Clarification Questions (CQs) are a fundamental part of professionally managed procurements and frequently the only way to engage in a dialogue with the buyer once the tender has been published. As with any seller to buyer conversation, especially one where everyone gets to see a transcript of what has been said, it is worth being very clear about what you are trying to accomplish and use  questions to maximise your competitive positioning.

Matters of fact and functionality: The procurement design and operating parameters should be clear. Buyers are busy and errors can creep in, but if these are found and highlighted early and politely it can prevent distress for all concerned later on. Nobody wants to find a formula error in a pricing sheet so late that the timelines have to slip, or recreate images in a different format at the last minute, because the portal can only accept certain file types.

Read every instruction first, before framing your response.  Buyers will be irritated if they have to tell you the answer to a question that is clearly stated in the guidance or has been provided in a previous CQ response.

Open up the opportunity:  Mandatory requirements stipulated within the bid should protect the buyer from the risk of appointing a supplier without appropriate skills, experience or financial stability. However, it is possible that the specifications are disproportionate or too rigid for some, such as Small to Medium Sized (SME) businesses, which the public sector is keen to nurture.

Show that you understand the objective of each requirement, but if you believe that you are a viable supplier, ask whether the criteria could be loosened or what alternative evidence / assurance would be acceptable. Propose something specific.

For example, is the buyer asking for bidders to have 3-5 years relevant contract experience, which your company cannot claim? Consider whether there are people working for you who have this experience, but gained it working within another organisation. Perhaps the buyer could be persuaded that this qualifies you to bid after all?

Some requirements may simply have been inherited from other, earlier tenders and the buyer may be happy to change or remove them altogether if you challenge them.

Balance contract risk and price for the buyer: In the public sector you will typically be expected to sign up to the Terms and Conditions as issued.  Don’t be afraid to counter-propose specific terms or clauses which don’t suit you, particularly if you can see that there might be a benefit to the buyer as well.  For example, expecting suppliers to take on liability for all consequential losses could exclude viable providers or force bidders to buy expensive insurance to cover this.

Tighten the scope: In a loosely defined tender, there may be ambiguity about exactly what is required. This could lead to bidders submitting widely differing proposals with resultant diverse pricing.  Don’t risk losing a bid because one of your competitors has put forward a cheaper, but far less comprehensive proposal. Always seek clarification to ensure that all bidders are pricing for the same things.

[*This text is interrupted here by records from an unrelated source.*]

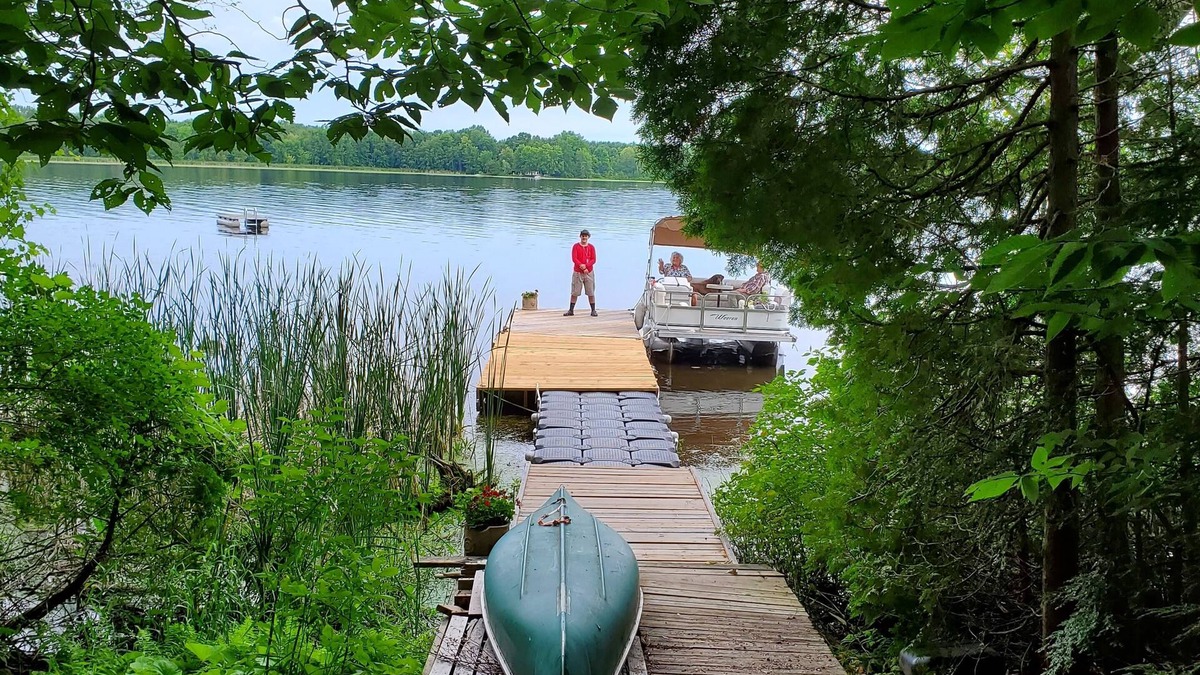 Rideau Lakes Cabin | Just a fishing cabin in the woods.
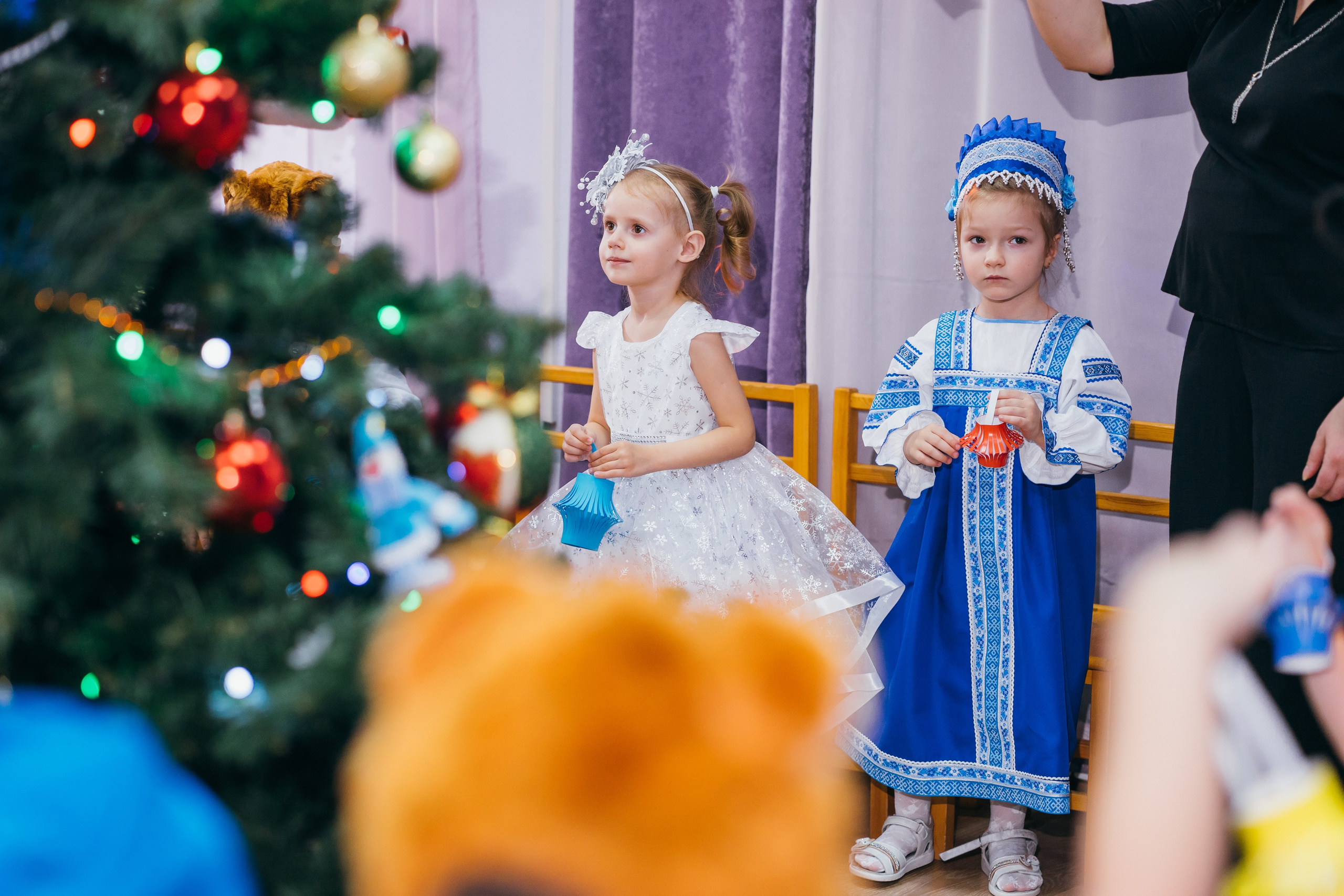 Новогодний утренник в детском саду. Профессиональный фотограф Геленджик, Новоросийск Виктория Цейс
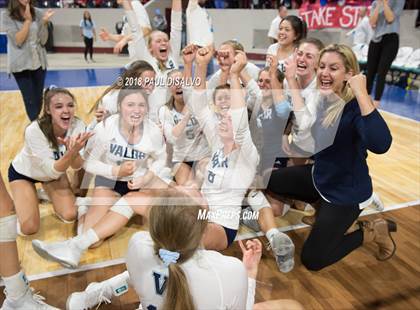 Thumbnail 3 in Chaparral vs. Valor Christian (CHSAA 5A State Final) photogallery.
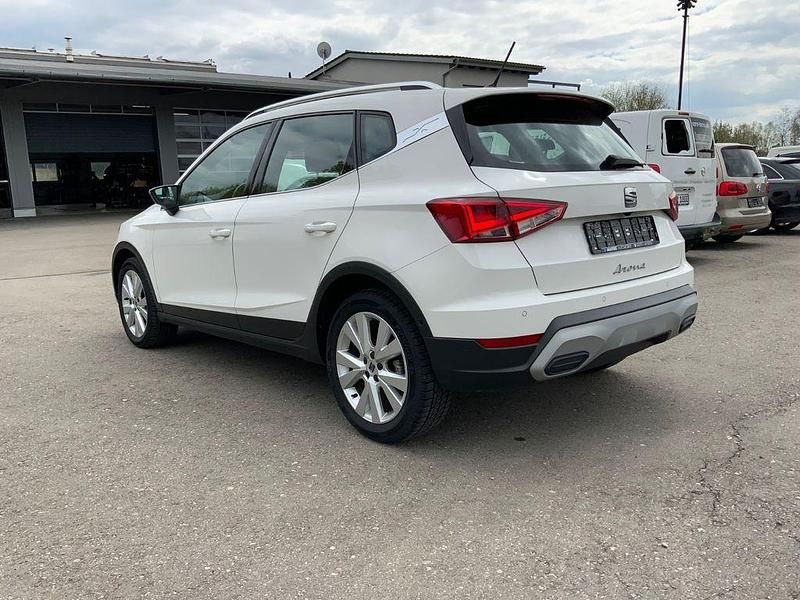 Second-hand Seat Arona Xperience 110 CP (80 kW) 2023 Alb SUV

You can even phrase these questions to your advantage. For example, perhaps the buyer has stipulated a service level response of 2 hours, which you would need to staff up to support. Could you recommend a 4-hour window instead, which would enable you to deploy existing resources at lower cost?

Signalling intent and competence: Since your CQs will be visible to  buyers and competitors alike, you can take the opportunity to include questions or phrase them with the express intent of either demonstrating your own strengths, or undermining (without naming) others – this is known as ‘ghosting’.

You might want to explore set-up costs such as IT infrastructure or a fleet of vehicles  (an incumbent will typically have lower ones); termination or step-in rights (which could be triggered by a change in a supplier ownership); cyber security credentials (increasingly important); disaster recovery effectiveness or environmental commitment. How will the buyer measure and monitor such activities?

TUPE or not TUPE; Sometimes a contract will involve migrating staff from an incumbent to a new supplier. This must be tackled head-on during the bidding process.   Transfer of Undertakings (Protection of Employment) i.e. TUPE legislation will be relevant in these cases, but the actual costs involved will be invisible to everyone but the incumbent until specifics such as employment contract terms, salaries and pension commitments are requested – and sometimes not even then. These factors might cause your business to qualify out. Alternatively, maybe migrating staff will expand your capacity to help service other contracts.

Clarification Questions – top hints and tips

  • Do not delay or be fearful. There will be a defined window for you to ask questions and for buyers to respond. Some answers may need further clarification so make sure you allow time for this.
  • Conform to the process and respond using the prescribed format and channel. Do not be tempted to deviate from the buyer’s instructions.
  • Access, disseminate and record all the CQ logs so that you can refer to them later, if necessary. Allocate this responsibility to an organised individual.
  • Recognise that while the default will be open publication of responses, normally there is scope to ask confidential questions with appropriate justification.

Buyers and suppliers alike have an incentive to make informed risk and reward decisions. Fuller and clearer information makes for better decisions. Clarification questions remove any ambiguity which is the major benefit for all.